**TRY IT**
Beginning at the top of the entries below, retype each line exactly until the line containing "As you all have" has been written out; include no pictures and no later lines.

(Dataset entries)
__________________________________________________

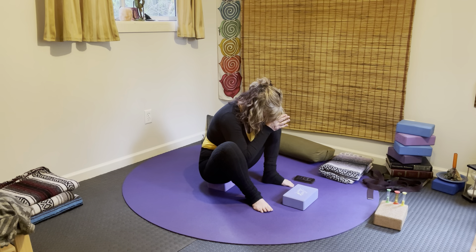Now let the breath come in through the nose and out through the nose. Find our good friend the Ujjayi breath — in through the nose and out through the nose.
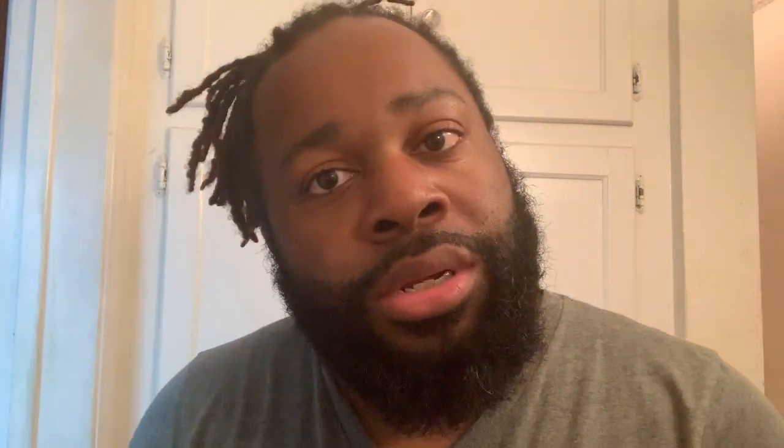As you all have seen all over social media — Facebook, Instagram, Twitter, Snapchat — Popeyes brought the sandwich back. Before this whole vegan thing even started, I was trying to get my hands on that sandwich — the Popeyes chicken sandwich. The question is, did I actually get the chicken sandwich? No!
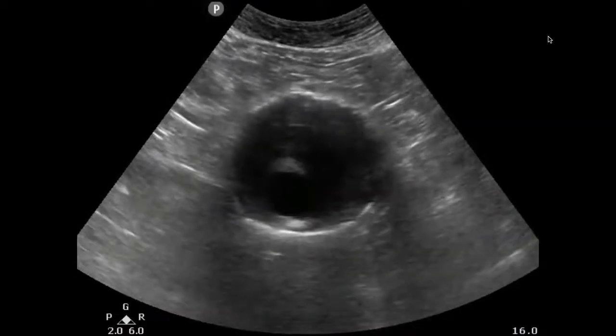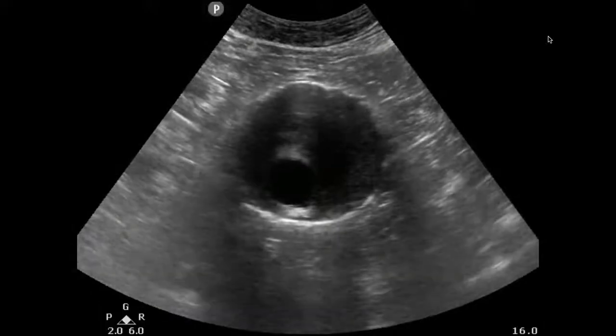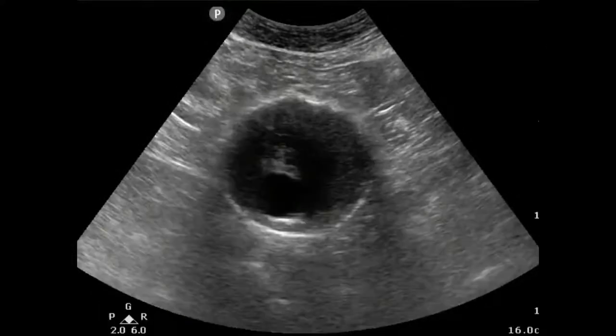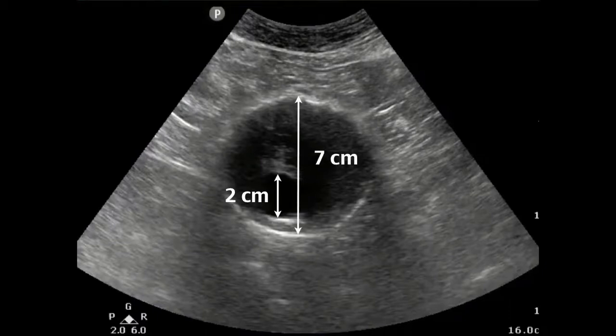This is what an abnormal aorta looks like. It's important to understand that the lumen and the outer wall-to-outer wall are not the exact same measurement. If we only measured the inner lumen, we would say this is 2 centimeters — not quite AAA — but measuring outer wall-to-outer wall shows 7 centimeters, which is definitely an abnormal finding.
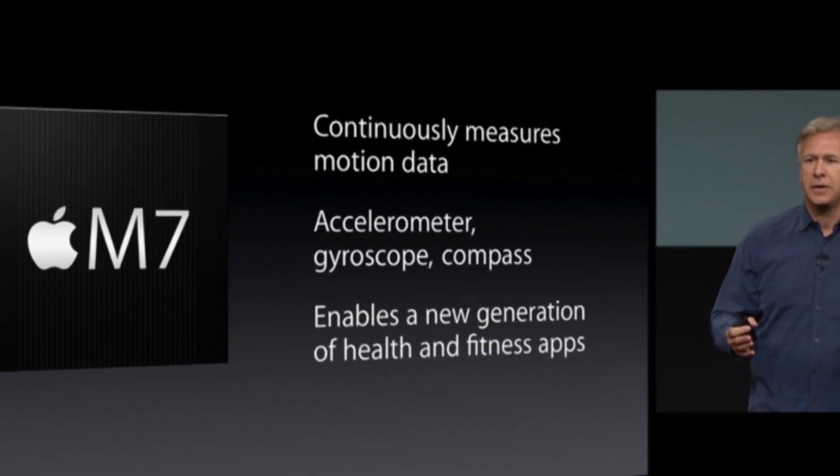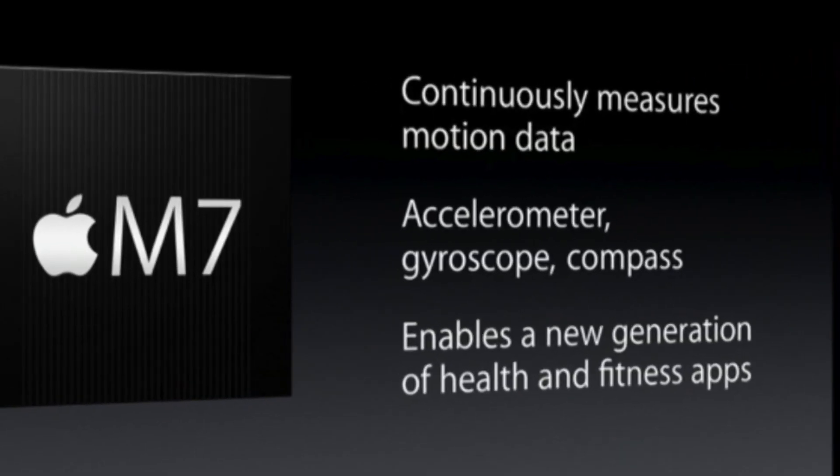Hey everybody, it's Lon Seidman. We're back with the last part of our three-part iPhone 5s review. Today we're going to review the M7 motion processor — the thing you can't actually see. The best way to describe this processor is pretty much a pedometer that lives inside the phone, keeping track of what you're doing even when you're not using an app: how many steps you're taking, whether you're driving a car, whether it's idle.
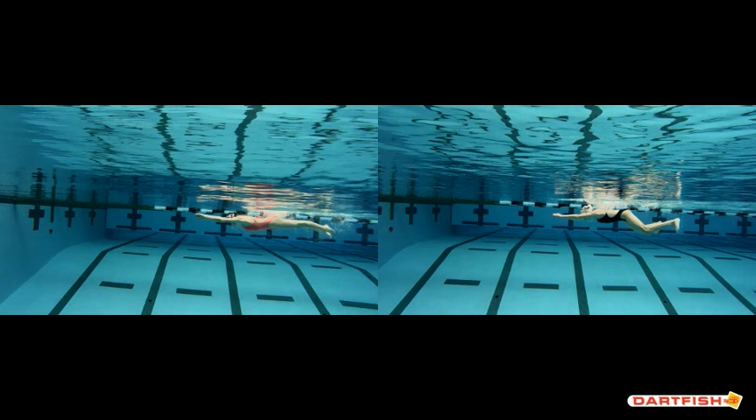You're both with arms straight out in front. You can see Scotty's eyes are looking towards the bottom of the pool at this point, and on your side your eyes are looking directly down your hands, so a little bit more in front. You're still finishing your kick a little bit more than she is, but you can see that streamline position she's getting in comparison to you on the right side.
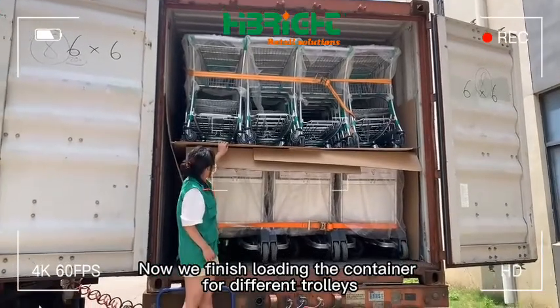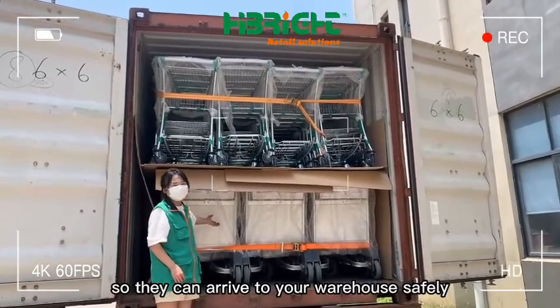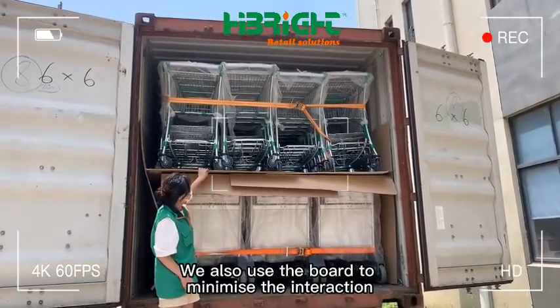Now we finish loading the container for different trolleys. You can see we use a strong belt to fix the trolleys to avoid them falling down, so they can arrive at your warehouse safely. We also use a board to minimize the interaction.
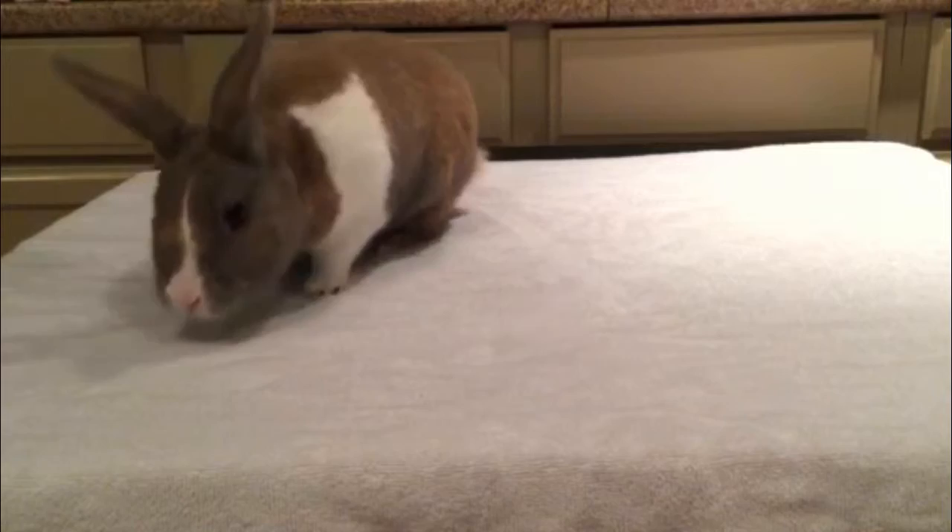Hi everyone, Jane and Joyce here and today we are going to be showing you the best way to clip your rabbit's nails.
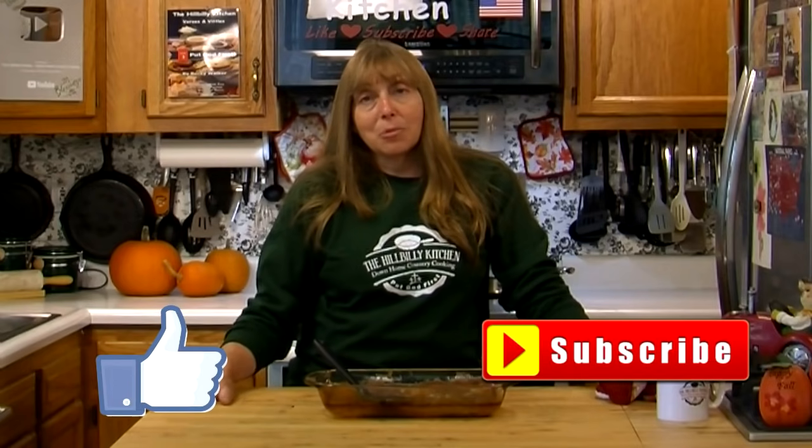Thank you so much for joining us in the Hillbilly Kitchen. Don't forget to leave your 'I'm thankful for' comments. If you haven't already, don't forget to click like and subscribe before you leave. Until next time, remember to put God first.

__________________________________________________

**RESPONSE BOX**
Now let the breath come in through the nose and out through the nose. Find our good friend the Ujjayi breath — in through the nose and out through the nose.
As you all have seen all over social media — Facebook, Instagram, Twitter, Snapchat — Popeyes brought the sandwich back. Before this whole vegan thing even started, I was trying to get my hands on that sandwich — the Popeyes chicken sandwich. The question is, did I actually get the chicken sandwich? No!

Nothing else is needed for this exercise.